*WHAT THE TASK REQUIRES:*
Output the full listing exactly as written, with no pictures in it.

*SOURCE DATA:*
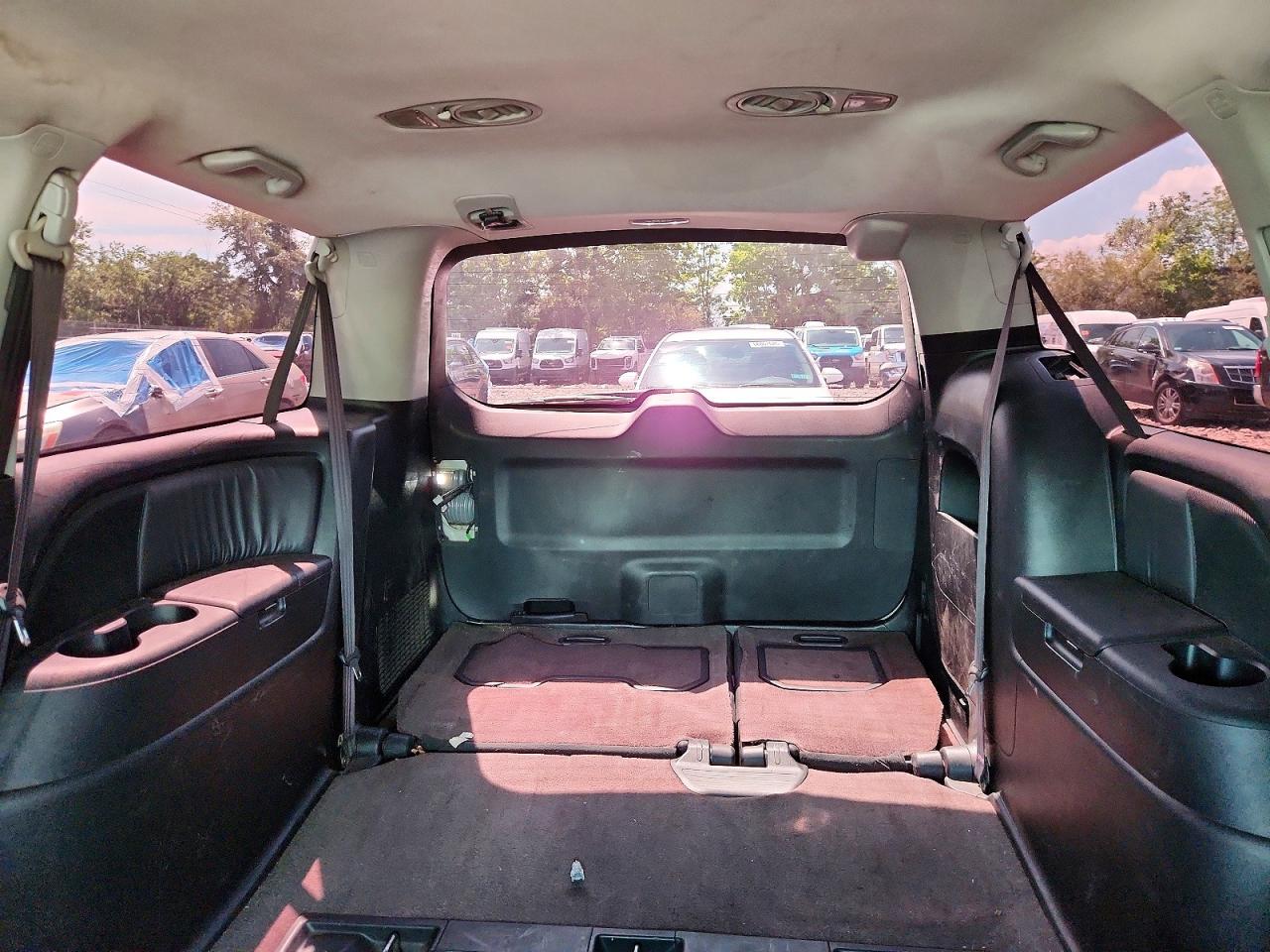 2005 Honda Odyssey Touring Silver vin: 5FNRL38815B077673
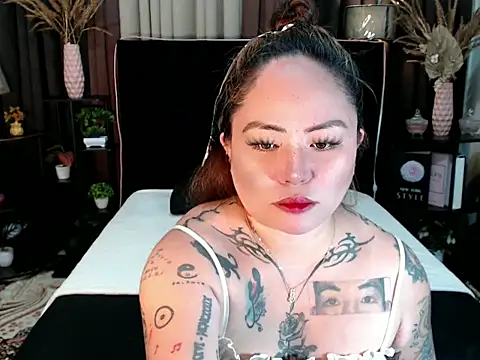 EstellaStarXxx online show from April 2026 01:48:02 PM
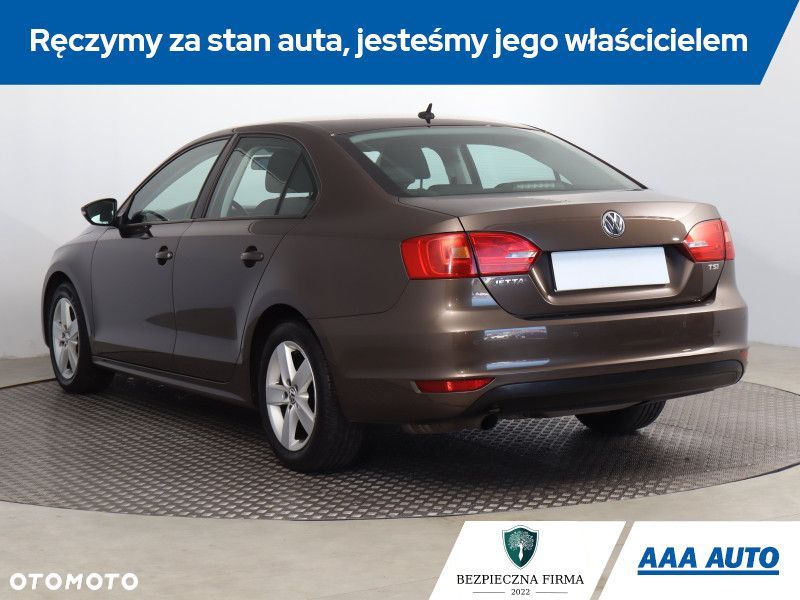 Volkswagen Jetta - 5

*EXPECTED ANSWER:*
 2005 Honda Odyssey Touring Silver vin: 5FNRL38815B077673
 EstellaStarXxx online show from April 2026 01:48:02 PM
 Volkswagen Jetta - 5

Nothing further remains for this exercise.